Its easy. I will find that, we have to find coefficient of $x^2$. Here the power is 2 which same as biggest power in series $1+x+x^2$. So instead of $(1+x+x^2)^4$, I will consider $(1+x+x^2+...)^4$

$$(1+x+x^2+...)^4=\frac{1}{(1-x)^4}=\sum_{k=0}^\infty \binom{3+k}{3}x^k$$

So I have to find coefficient of $x^k$ for $k=2$ which is $\binom{3+2}{3}=10$.

However in Q1., power 4 of $x^4$ is bigger than the max power 2 in series. So I cannot consider infinite series (instead of finite) as it will add additional combinations such as $x.1.x^3$

My textbook gives tricky solution for this, such as dividing and multiplying the series with $(1-x)^3$ (which I dont find intuitive) and doing further unintuitive adjustments.

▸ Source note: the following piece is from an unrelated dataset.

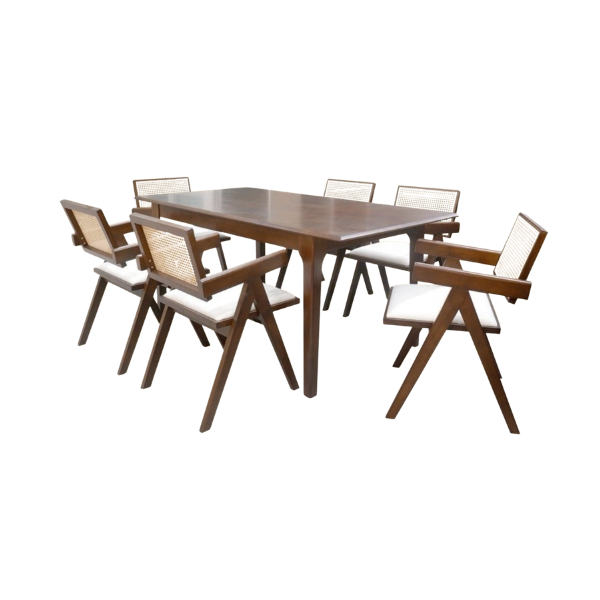 ชุดโต๊ะอาหารไม้ 6 ที่นั่ง WISDOM DESIGN FURNITURE รุ่น YUKI 170 ซม. สีวอลนัท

Is there any intuitive or more importantly, works-for-all-problems approach?

Answer 1

$(1+x+x^2)^3 = \left(\frac{1-x^3}{1-x}\right)^3 = (1-x^3)^3 \frac{1}{(1-x)^3} = (1-3x^3 + 3x^6 - x^9)(\sum_{n=}^\infty \binom{n+2}{2}x^n)$ and so we can make the coefficient of $x^4$ from $1 \cdot \binom{4+2}{2}$ and $-3\binom{2+1}{2}$ and this equals $15 - 3\cdot 3 = 6$

Answer 2

The combinatorial way to approach this is to use inclusion-exclusion. You want to count the number of ways to write $10=x_1+x_2+x_3$ with $0\leq x_i\leq 6$.

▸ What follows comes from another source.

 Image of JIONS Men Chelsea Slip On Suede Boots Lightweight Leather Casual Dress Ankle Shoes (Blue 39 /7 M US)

We know how to count the number of solutions without the restriction - it is $\binom{10+2}{2}$.

Let $A$ be the set of all solutions with no upper bound on the size of the $x_i$.

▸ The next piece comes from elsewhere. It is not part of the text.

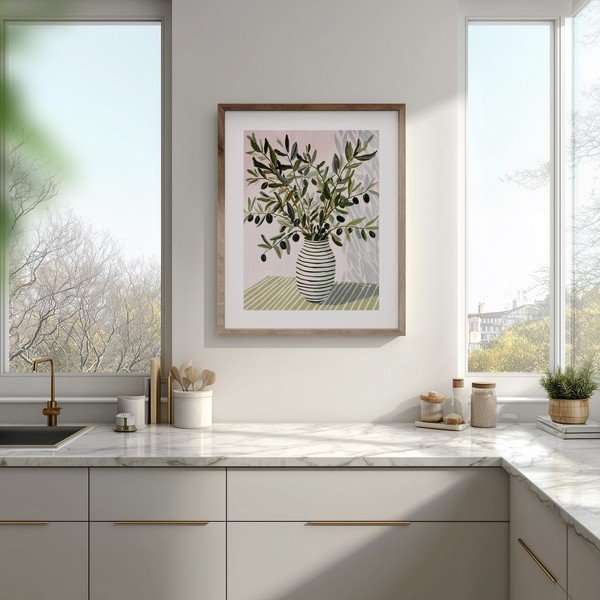 Tlačený obraz s rámom 40x50 cm Olive Bunch II – Styler-image-1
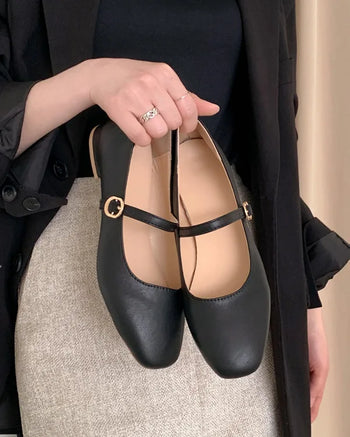 2779 Mary Jane Square Flat Shoes (4 colors)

Let $A_i$ be the solutions in $A$ with $x_i\geq 7$.

Then you want to compute:

$$|A\setminus (A_1\cup A_2\cup A_3)|$$

Which is a standard inclusion-exclusion situation. Since $A_i\cap A_j=\emptyset$ for any $i\neq j$, you get a simple formula:

$$|A\setminus (A_1\cup A_2\cup A_3)|=|A|-|A_1|-|A_2|-|A_3|$$

But the $A_i$ all have the same size, which is the number of solutions to $x_1+x_2+x_3=10-7$ with no restriction on size.

So you get:

$$\binom{10+2}{2}-3\binom{3+2}{2}$$

More generally, for the coefficient of $x^n$ you'd have to add back in the $|A_i\cap A_j|$ and subtract $|A_1\cap A_2\cap A_3|$.

Answer 3

I will use the standard notation $[x^n]\,f(x)$ for denoting the coefficient of $x^n$ in the Taylor series of $f(x)$ centered at the origin. We have:

$$ [x^{10}](1+x+\ldots+x^6)^3 = [x^{10}]\frac{(1-x^7)^3}{(1-x)^3} \tag{1}$$ and the RHS of $(1)$ is simple to compute by convolution, since both the Taylor series of $(1-x^7)^3$ and $\frac{1}{(1-x)^3}$ are well-known: the first one is an instance of the binomial theorem, the latter follows from stars and bars:

$$ \frac{1}{(1-x)^3} = \sum_{n\geq 0}\binom{n+2}{2}x^n \tag{2}$$

and the coefficient of $x^{10}$ in the following product

$$ \left(\sum_{n=0}^{3}\binom{3}{n}(-1)^n x^{7n}\right)\cdot\left(\sum_{n\geq 0}\binom{n+2}{2}x^n\right) \tag{3} $$ is given by the following Cauchy product/convolution: $$ \sum_{n=0}^{1}\binom{3}{n}(-1)^n\binom{(10-7n)+2}{2}=36.\tag{4} $$

This approach can be applied for finding $[x^a](1+x+\ldots+x^b)^c$ too.